Systematic Detection of Adverse Drug Events


Systematic Detection of Adverse Drug Events


Jerry Avorn























































INTRODUCTION & CASE


CHALLENGES IN THE ASCERTAINMENT OF DRUG SAFETY


Study Size and Generalizability


Surrogate Outcomes and Comparators


Duration and Postapproval Studies


PHARMACOEPIDEMIOLOGY


Sources of Pharmacoepidemiologic Data


Spontaneous Reports


Automated Databases


Patient Registries


Ad Hoc Studies


Study Strategies


Cohort and Case-Control Studies


Evaluation of Risk


Issues in Study Design and Interpretation


Confounding by Indication


Selection Bias


The “Healthy User” Effect


Interpreting Statistical Significance


ADVERSE DRUG EFFECTS AND THE HEALTH CARE SYSTEM


Balancing Benefits and Risks


Role of the FDA


Legal and Ethical Issues


CONCLUSION AND FUTURE DIRECTIONS


Suggested Reading


   INTRODUCTION


Because medications act by interfering with one or more aspects of molecular and cellular function, it is difficult to do so without also causing an undesirable effect either by that perturbation or by another (perhaps unexpected) drug action. Because all drugs have risks, the goal of pharmacotherapy cannot be to prescribe a risk-free regimen. Instead, it is to ensure that the risks of drug therapy are as low as possible and are acceptable in the context of a medication’s clinical benefit.


Some adverse effects of a drug are apparent during its early development and often result from the same on-target mechanism responsible for its therapeutic effect (e.g., cytotoxic cancer chemotherapy). Even in such situations, however, it is necessary to know how those expected adverse effects will be manifested when the drug is in routine use—in terms of both their frequency and their severity. After a drug has been approved for clinical use, the goal becomes detecting and quantifying the risks as quickly and rigorously as possible.


Serious or even life-threatening adverse effects have led to the withdrawal of widely used drugs. This has heightened the sensitivity of clinicians and patients to the growing field of pharmacoepidemiology—the measurement of drug effects in large, “real-world” populations of patients.

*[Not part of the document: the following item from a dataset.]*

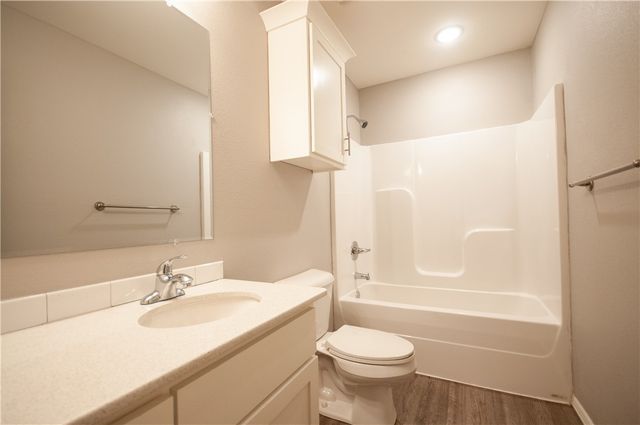 4073 Santa Maria Lane, Fayetteville, AR 72704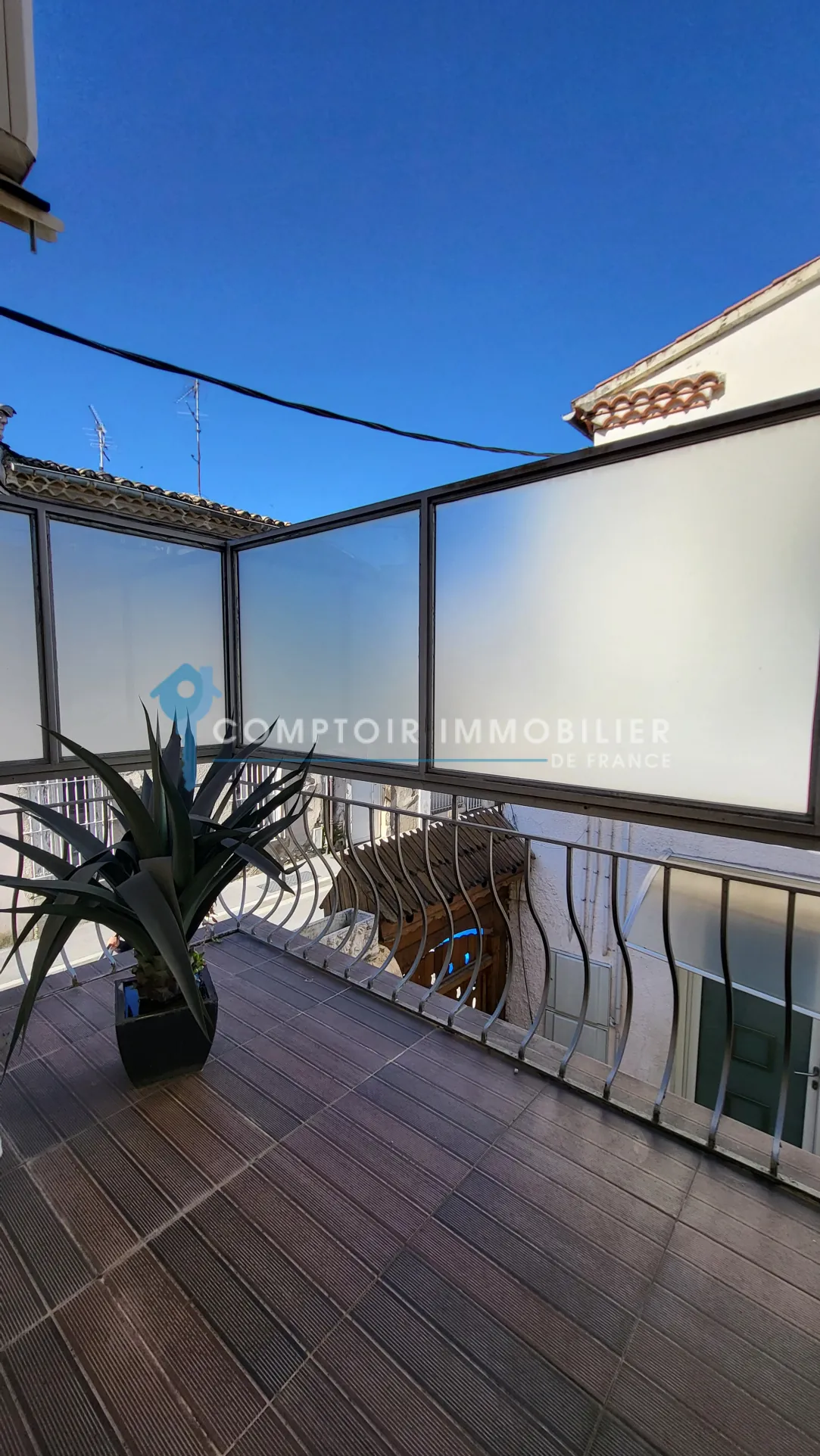 Maison de ville rénovée à Nîmes dans le quartier Jean Jaurès – 3 pièces, terrasse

Advances in informatics and analytic techniques in this field hold promise for enhancing our understanding of drug risks so that they can be better understood and managed, with the goal of putting a drug’s benefits into context and guiding clinical decision making and regulatory action.



Mr. Keeley is a 67-year-old man with severe degenerative joint disease of both hips. He brings to his doctor several magazine ads and newspaper clippings that describe the nonsteroidal anti-inflammatory drug rofecoxib. These ads claim that rofecoxib provides excellent relief of arthritic pain with a lower risk of gastrointestinal toxicity. Rofecoxib selectively inhibits cyclooxygenase-2, which mediates pain and inflammation, rather than cyclooxygenase-1, which maintains gastrointestinal mucosal integrity and whose inhibition can cause gastrointestinal bleeding. This drug is widely hailed as a “super-aspirin” with minimal gastrointestinal toxicity and is heavily promoted. Mr. Keeley’s physician decides to prescribe rofecoxib, and the patient reports that it works better than the acetaminophen he had previously been using.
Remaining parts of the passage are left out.